**INSTRUCTIONS TO FOLLOW:** The response must consist of the records below, copied exactly.

#### MATERIAL FOR THIS EXERCISE

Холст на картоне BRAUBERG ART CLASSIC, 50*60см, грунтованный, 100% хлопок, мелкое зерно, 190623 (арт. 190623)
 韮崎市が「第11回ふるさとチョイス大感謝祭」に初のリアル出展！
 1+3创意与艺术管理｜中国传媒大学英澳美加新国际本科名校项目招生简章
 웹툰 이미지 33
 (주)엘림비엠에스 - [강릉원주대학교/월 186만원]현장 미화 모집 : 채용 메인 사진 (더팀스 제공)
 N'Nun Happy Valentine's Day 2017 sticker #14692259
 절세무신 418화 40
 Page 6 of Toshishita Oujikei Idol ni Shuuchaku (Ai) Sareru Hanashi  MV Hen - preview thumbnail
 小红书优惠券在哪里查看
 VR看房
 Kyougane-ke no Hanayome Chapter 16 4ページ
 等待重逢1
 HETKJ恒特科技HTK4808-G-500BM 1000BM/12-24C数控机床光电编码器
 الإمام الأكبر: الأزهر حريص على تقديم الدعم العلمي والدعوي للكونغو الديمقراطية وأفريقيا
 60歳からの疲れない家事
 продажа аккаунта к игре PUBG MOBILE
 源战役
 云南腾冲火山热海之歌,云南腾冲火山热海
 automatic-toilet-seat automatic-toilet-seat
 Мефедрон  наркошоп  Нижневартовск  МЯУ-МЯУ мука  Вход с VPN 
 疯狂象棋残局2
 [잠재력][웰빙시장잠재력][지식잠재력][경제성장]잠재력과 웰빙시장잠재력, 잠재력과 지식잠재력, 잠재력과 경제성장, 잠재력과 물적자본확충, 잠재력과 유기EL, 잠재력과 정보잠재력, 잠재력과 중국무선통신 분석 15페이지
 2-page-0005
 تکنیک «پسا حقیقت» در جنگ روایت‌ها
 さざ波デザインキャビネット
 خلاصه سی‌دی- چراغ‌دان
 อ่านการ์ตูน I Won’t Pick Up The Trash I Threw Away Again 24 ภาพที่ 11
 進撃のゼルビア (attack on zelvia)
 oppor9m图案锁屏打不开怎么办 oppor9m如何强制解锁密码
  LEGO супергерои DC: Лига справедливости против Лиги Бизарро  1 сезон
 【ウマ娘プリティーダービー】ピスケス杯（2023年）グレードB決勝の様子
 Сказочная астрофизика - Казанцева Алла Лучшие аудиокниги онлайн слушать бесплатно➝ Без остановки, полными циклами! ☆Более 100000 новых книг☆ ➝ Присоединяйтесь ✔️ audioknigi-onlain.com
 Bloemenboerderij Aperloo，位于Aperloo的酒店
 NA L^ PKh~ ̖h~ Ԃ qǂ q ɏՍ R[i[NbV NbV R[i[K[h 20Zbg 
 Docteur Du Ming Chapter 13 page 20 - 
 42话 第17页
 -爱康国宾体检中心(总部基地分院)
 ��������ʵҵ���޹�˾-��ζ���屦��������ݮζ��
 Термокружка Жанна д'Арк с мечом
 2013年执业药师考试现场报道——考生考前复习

########

**OUTPUT FOR THIS EXERCISE:**
Холст на картоне BRAUBERG ART CLASSIC, 50*60см, грунтованный, 100% хлопок, мелкое зерно, 190623 (арт. 190623)
 韮崎市が「第11回ふるさとチョイス大感謝祭」に初のリアル出展！
 1+3创意与艺术管理｜中国传媒大学英澳美加新国际本科名校项目招生简章
 웹툰 이미지 33
 (주)엘림비엠에스 - [강릉원주대학교/월 186만원]현장 미화 모집 : 채용 메인 사진 (더팀스 제공)
 N'Nun Happy Valentine's Day 2017 sticker #14692259
 절세무신 418화 40
 Page 6 of Toshishita Oujikei Idol ni Shuuchaku (Ai) Sareru Hanashi  MV Hen - preview thumbnail
 小红书优惠券在哪里查看
 VR看房
 Kyougane-ke no Hanayome Chapter 16 4ページ
 等待重逢1
 HETKJ恒特科技HTK4808-G-500BM 1000BM/12-24C数控机床光电编码器
 الإمام الأكبر: الأزهر حريص على تقديم الدعم العلمي والدعوي للكونغو الديمقراطية وأفريقيا
 60歳からの疲れない家事
 продажа аккаунта к игре PUBG MOBILE
 源战役
 云南腾冲火山热海之歌,云南腾冲火山热海
 automatic-toilet-seat automatic-toilet-seat
 Мефедрон  наркошоп  Нижневартовск  МЯУ-МЯУ мука  Вход с VPN 
 疯狂象棋残局2
 [잠재력][웰빙시장잠재력][지식잠재력][경제성장]잠재력과 웰빙시장잠재력, 잠재력과 지식잠재력, 잠재력과 경제성장, 잠재력과 물적자본확충, 잠재력과 유기EL, 잠재력과 정보잠재력, 잠재력과 중국무선통신 분석 15페이지
 2-page-0005
 تکنیک «پسا حقیقت» در جنگ روایت‌ها
 さざ波デザインキャビネット
 خلاصه سی‌دی- چراغ‌دان
 อ่านการ์ตูน I Won’t Pick Up The Trash I Threw Away Again 24 ภาพที่ 11
 進撃のゼルビア (attack on zelvia)
 oppor9m图案锁屏打不开怎么办 oppor9m如何强制解锁密码
  LEGO супергерои DC: Лига справедливости против Лиги Бизарро  1 сезон
 【ウマ娘プリティーダービー】ピスケス杯（2023年）グレードB決勝の様子
 Сказочная астрофизика - Казанцева Алла Лучшие аудиокниги онлайн слушать бесплатно➝ Без остановки, полными циклами! ☆Более 100000 новых книг☆ ➝ Присоединяйтесь ✔️ audioknigi-onlain.com
 Bloemenboerderij Aperloo，位于Aperloo的酒店
 NA L^ PKh~ ̖h~ Ԃ qǂ q ɏՍ R[i[NbV NbV R[i[K[h 20Zbg 
 Docteur Du Ming Chapter 13 page 20 - 
 42话 第17页
 -爱康国宾体检中心(总部基地分院)
 ��������ʵҵ���޹�˾-��ζ���屦��������ݮζ��
 Термокружка Жанна д'Арк с мечом
 2013年执业药师考试现场报道——考生考前复习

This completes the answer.